Below are the entries; give again exactly the lines from the one mentioning "Spacious two bedrooms" through the one mentioning "Borsa a spalla", inclusive.

Stored data entries:
···

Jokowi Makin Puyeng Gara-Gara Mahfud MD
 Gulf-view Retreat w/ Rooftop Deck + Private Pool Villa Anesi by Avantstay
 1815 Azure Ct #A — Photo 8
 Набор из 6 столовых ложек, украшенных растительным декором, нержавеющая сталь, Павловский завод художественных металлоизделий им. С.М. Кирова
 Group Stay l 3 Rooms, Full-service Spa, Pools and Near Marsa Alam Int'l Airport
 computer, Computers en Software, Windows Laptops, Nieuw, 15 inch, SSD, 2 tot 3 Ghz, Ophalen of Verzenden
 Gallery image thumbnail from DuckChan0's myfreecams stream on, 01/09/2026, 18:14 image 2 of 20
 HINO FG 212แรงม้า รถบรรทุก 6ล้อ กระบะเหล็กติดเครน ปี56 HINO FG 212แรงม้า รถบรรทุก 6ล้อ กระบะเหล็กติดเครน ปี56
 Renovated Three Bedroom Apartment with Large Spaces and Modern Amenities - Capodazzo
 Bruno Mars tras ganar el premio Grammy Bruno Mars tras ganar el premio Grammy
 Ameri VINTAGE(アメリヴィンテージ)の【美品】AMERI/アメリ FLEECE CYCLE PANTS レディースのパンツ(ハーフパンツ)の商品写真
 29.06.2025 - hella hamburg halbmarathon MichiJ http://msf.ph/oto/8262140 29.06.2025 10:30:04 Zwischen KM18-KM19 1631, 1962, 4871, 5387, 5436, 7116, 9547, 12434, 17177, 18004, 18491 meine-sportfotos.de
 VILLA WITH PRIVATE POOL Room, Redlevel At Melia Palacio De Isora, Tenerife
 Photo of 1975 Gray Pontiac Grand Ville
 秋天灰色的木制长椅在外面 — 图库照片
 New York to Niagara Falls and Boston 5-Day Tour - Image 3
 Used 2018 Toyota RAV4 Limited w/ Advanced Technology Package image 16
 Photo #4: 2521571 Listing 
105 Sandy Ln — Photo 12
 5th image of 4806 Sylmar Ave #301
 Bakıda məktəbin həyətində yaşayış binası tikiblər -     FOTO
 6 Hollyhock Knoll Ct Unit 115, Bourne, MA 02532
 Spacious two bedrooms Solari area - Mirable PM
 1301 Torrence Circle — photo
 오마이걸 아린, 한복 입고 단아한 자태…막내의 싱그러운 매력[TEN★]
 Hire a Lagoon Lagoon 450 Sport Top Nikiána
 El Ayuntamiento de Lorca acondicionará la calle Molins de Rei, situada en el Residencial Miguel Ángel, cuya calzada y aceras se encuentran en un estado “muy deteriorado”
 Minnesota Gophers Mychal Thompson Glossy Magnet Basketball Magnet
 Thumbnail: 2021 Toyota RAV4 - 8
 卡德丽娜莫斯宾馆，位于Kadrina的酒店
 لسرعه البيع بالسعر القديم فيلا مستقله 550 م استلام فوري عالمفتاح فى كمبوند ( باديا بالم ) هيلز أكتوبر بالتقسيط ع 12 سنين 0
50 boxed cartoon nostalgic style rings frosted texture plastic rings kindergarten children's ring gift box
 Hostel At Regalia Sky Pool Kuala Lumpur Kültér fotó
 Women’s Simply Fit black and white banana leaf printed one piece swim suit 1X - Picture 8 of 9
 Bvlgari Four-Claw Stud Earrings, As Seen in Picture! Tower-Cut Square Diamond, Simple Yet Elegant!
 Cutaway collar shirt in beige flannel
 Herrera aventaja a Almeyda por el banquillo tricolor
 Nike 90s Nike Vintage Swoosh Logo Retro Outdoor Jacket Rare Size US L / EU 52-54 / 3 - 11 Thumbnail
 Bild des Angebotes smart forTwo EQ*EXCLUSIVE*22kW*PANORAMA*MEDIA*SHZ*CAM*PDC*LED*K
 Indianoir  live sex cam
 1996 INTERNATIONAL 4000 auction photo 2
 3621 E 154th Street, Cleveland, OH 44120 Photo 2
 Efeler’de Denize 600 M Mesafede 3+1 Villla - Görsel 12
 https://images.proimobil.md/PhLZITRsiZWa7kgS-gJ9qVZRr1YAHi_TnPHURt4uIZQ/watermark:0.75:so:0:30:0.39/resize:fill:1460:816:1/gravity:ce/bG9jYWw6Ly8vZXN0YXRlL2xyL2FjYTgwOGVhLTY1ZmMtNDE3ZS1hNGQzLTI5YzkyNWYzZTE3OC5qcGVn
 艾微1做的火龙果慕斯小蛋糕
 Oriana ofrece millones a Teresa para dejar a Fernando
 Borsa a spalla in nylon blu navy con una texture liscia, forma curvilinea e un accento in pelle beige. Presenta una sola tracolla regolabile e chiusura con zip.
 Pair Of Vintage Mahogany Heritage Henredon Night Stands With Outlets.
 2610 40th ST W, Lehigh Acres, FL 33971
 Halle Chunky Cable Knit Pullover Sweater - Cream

···

# [Task result]
 Spacious two bedrooms Solari area - Mirable PM
 1301 Torrence Circle — photo
 오마이걸 아린, 한복 입고 단아한 자태…막내의 싱그러운 매력[TEN★]
 Hire a Lagoon Lagoon 450 Sport Top Nikiána
 El Ayuntamiento de Lorca acondicionará la calle Molins de Rei, situada en el Residencial Miguel Ángel, cuya calzada y aceras se encuentran en un estado “muy deteriorado”
 Minnesota Gophers Mychal Thompson Glossy Magnet Basketball Magnet
 Thumbnail: 2021 Toyota RAV4 - 8
 卡德丽娜莫斯宾馆，位于Kadrina的酒店
 لسرعه البيع بالسعر القديم فيلا مستقله 550 م استلام فوري عالمفتاح فى كمبوند ( باديا بالم ) هيلز أكتوبر بالتقسيط ع 12 سنين 0
50 boxed cartoon nostalgic style rings frosted texture plastic rings kindergarten children's ring gift box
 Hostel At Regalia Sky Pool Kuala Lumpur Kültér fotó
 Women’s Simply Fit black and white banana leaf printed one piece swim suit 1X - Picture 8 of 9
 Bvlgari Four-Claw Stud Earrings, As Seen in Picture! Tower-Cut Square Diamond, Simple Yet Elegant!
 Cutaway collar shirt in beige flannel
 Herrera aventaja a Almeyda por el banquillo tricolor
 Nike 90s Nike Vintage Swoosh Logo Retro Outdoor Jacket Rare Size US L / EU 52-54 / 3 - 11 Thumbnail
 Bild des Angebotes smart forTwo EQ*EXCLUSIVE*22kW*PANORAMA*MEDIA*SHZ*CAM*PDC*LED*K
 Indianoir  live sex cam
 1996 INTERNATIONAL 4000 auction photo 2
 3621 E 154th Street, Cleveland, OH 44120 Photo 2
 Efeler’de Denize 600 M Mesafede 3+1 Villla - Görsel 12
 https://images.proimobil.md/PhLZITRsiZWa7kgS-gJ9qVZRr1YAHi_TnPHURt4uIZQ/watermark:0.75:so:0:30:0.39/resize:fill:1460:816:1/gravity:ce/bG9jYWw6Ly8vZXN0YXRlL2xyL2FjYTgwOGVhLTY1ZmMtNDE3ZS1hNGQzLTI5YzkyNWYzZTE3OC5qcGVn
 艾微1做的火龙果慕斯小蛋糕
 Oriana ofrece millones a Teresa para dejar a Fernando
 Borsa a spalla in nylon blu navy con una texture liscia, forma curvilinea e un accento in pelle beige. Presenta una sola tracolla regolabile e chiusura con zip.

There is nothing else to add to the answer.